Naturalmente, que os políticos que as impulsionam, também sabem que têm tempo de antena acrescido. Ao povo serve-se “pão e circo” disse-o na Roma antiga o poeta satírico Décimo Juvenal. Até aqui, o “circo” é tão só isso mesmo. Mas, a partir do momento em que as CPI passam a autoinvestir-se de poderes que nem o Ministério Público (MP) tem nas investigações, o caso torna-se sério.
Os direitos, liberdades e garantias previstos na Constituição da República Portuguesa são os alicerces do Estado de Direito democrático em que vivemos. Em especial, as garantias dos cidadãos em processo penal, as quais exigem que interferências de atos da investigação do MP na esfera privada dos cidadãos, seja ordenada por um Juiz de Direito, como acontece com a apreensão de correspondência (eletrónica ou documental), nas escutas e nas buscas.
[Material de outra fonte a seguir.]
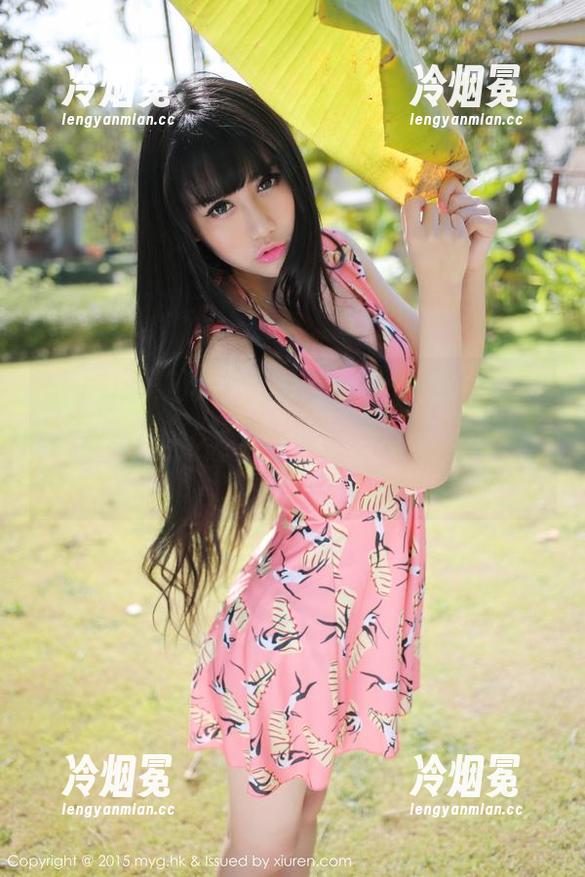 MyGirl美媛馆-徐子琦Anna MyGirl美媛馆 - 徐子琦Anna的旅拍写真合集,悄悄记录她的冒险和我进的无框框框…喂,别想歪!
As CPI estão hoje erigidas em precursoras do desmantelamento das garantias de defesa que a Constituição reconhece aos cidadãos no processo penal. Pois, nelas (CPI), políticos, transmutados em investigadores sem formação técnico-jurídica para isso e sem autorização de um Juiz, ordenam aos inquiridos, mediante ameaça de participação por crime de desobediência, que lhes apresentem provas que, na maior parte dos casos, exorbitam o mero escrutínio político, mas que podem ter relevância penal e que representam, pelo menos, nalgumas situações, mesmo sem relevância jurídico-penal, uma ingerência na vida privada dos visados.
E, nem se diga que, no futuro, as CPI possam vir a praticar tais atos mediante autorização judiciária, equiparando os poderes das CPI aos do Ministério Público, o que é, além inconcebível numa Comissão de escrutínio limitado ao campo político, uma equiparação manifestamente inconstitucional e que representaria um precedente perigoso no ataque ao Estado de Direito democrático. A situação raia o insólito, quando para mais nas CPI, os investigadores são também julgadores. Fazem a acusação e em seguida prolatam a sentença.
É manifesto que num Estado de Direito democrático, as CPI não podem coincidir no seu objeto com investigações criminais em curso. Não deixa de ser irónico que seja o Parlamento a dar um contributo relevante para a demolição das conquistas de abril de 74.